Interdire les «mesures de conversion»

Communiqué de presse de TGNS, LOS, Pink Cross, Network, Association faitière Familles arc-en-ciel, et Wybernet

Le Conseil national a accepté le 12 décembre 2022 par 143 voix contre 37 (11 abstentions) une motion de sa commission des affaires juridiques qui demande une interdiction nationale des pratiques de conversion sur les personnes LGBTQ+. Sous le terme mesures de conversion, ou «thérapies de conversion», sont regroupées un ensemble de pratiques visant à modifier l’orientation sexuelle et affective ou l’identité et expression de genre d’une personne, avec le but préétabli de les mettre en conformité avec un modèle cisgenre hétérosexuel.

Le terme «thérapies de conversion» lui-même pose cependant problème, comme le souligne Gaé Colussi, responsable Suisse romande de Pink Cross : « Le terme thérapie est erroné, car ces pratiques ne soignent rien. Au contraire, elles sont la cause d’une grande souffrance pour les personnes qui les subissent ! C’est pourquoi nous préférons parler d’interventions, de mesures ou de tentatives, d’autant qu’elles ne fonctionnent pas. »

La Suisse n’est pas épargnée par le phénomène, comme en ont témoigné diverses recherches et enquêtes journalistiques récentes. Et alors que plusieurs États ont interdit ces pratiques ou se préparent à le faire, la Suisse est pour l’heure à la traîne. « Nous demandons l’interdiction pénale de ces pratiques ainsi qu’un régime de sanctions contre les personnes qui les exercent, les diffusent ou les promeuvent, car elles ont des conséquences graves sur la santé psychique des personnes qui les subissent, et seule une interdiction pénale couvrirait tous les cas.» relève Alecs Recher, responsable pour le conseil juridique et le plaidoyer chez TGNS. « Le Conseil national a enfin reconnu qu’il était temps d’agir. Il donne ainsi un signal clair : la Suisse ne peut plus faire comme si ces pratiques n’existaient pas » souligne Muriel Waeger, co-directrice générale de l’Organisation suisse des lesbiennes (LOS), soulagée par l’acceptation par le Conseil national.

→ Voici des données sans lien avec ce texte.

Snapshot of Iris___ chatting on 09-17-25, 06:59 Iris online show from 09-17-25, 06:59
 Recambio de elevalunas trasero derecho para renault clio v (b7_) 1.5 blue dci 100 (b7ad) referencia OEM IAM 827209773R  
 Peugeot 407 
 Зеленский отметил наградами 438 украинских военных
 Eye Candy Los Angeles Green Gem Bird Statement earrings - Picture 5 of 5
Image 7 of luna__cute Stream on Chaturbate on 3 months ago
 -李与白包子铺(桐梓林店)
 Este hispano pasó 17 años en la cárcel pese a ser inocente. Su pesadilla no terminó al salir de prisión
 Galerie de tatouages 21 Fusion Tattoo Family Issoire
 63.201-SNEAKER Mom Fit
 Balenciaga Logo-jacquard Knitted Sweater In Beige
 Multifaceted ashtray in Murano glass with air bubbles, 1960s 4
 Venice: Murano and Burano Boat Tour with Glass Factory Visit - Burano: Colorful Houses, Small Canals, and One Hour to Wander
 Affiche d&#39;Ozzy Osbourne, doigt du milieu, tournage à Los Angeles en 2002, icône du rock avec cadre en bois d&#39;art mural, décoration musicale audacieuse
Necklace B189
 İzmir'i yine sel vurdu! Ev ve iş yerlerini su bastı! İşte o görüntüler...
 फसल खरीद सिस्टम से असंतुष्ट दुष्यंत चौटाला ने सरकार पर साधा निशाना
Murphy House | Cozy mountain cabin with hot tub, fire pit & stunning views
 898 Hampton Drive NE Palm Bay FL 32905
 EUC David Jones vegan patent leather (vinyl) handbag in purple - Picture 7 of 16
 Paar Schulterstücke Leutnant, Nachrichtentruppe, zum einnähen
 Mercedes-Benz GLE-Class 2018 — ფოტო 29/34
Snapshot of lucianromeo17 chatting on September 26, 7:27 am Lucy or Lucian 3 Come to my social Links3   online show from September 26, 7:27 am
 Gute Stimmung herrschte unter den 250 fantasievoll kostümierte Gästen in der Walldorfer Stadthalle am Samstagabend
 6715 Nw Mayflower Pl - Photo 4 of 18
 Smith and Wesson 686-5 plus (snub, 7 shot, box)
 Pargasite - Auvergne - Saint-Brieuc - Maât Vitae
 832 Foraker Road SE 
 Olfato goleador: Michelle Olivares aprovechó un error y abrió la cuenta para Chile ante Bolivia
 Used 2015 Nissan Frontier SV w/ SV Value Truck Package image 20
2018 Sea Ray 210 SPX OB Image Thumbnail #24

Andreas Künzler, responsable de la commission politique de Network insiste cependant : « L’interdiction n’est pas encore garantie. Nous demandons au Conseil des Etats d’accepter aussi la motion afin qu’une interdiction pénale puisse être élaborée au plus vite. »

Une nouvelle étude de Dr. Yv E. Nay de la Haute Ecole de sciences appliquées de Zürich (ZHAW) relève que ces pratiques ont une longue histoire, et prennent leur source dans la pathologisation de l’homosexualité puis des transidentités au cours des 19e et 20e siècle. Elles se fondent sur l’idée erronée que l’homosexualité et la transidentité devraient et pourraient être « soignées ». « Ces pratiques partent du principe que l’homosexualité et la transidentité sont moins bonnes que le modèle cisgenre hétérosexuel, et qu’il s’agirait dès lors de les corriger. Cette position et ces pratiques ont été condamnées à plusieurs reprises par les Nations Unies et dénoncées par les principales associations professionnelles ainsi que par l’Organisation mondiale de la santé. » souligne Yv E. Nay.

Outre une interdiction généralisée, l’étude souligne aussi l’importance de sensibiliser à large échelle aux questions LGBTQ+ – dans les écoles, universités, communautés religieuses, etc – afin de déraciner durablement ces pratiques et les discours qui les sous-tendent. De même, les associations professionnelles des domaines du soin et de la relation d’aide devraient renforcer les formations de leurs membres aux questions LGBTQ+, afin de pouvoir accompagner au mieux les personnes dans leurs questionnements.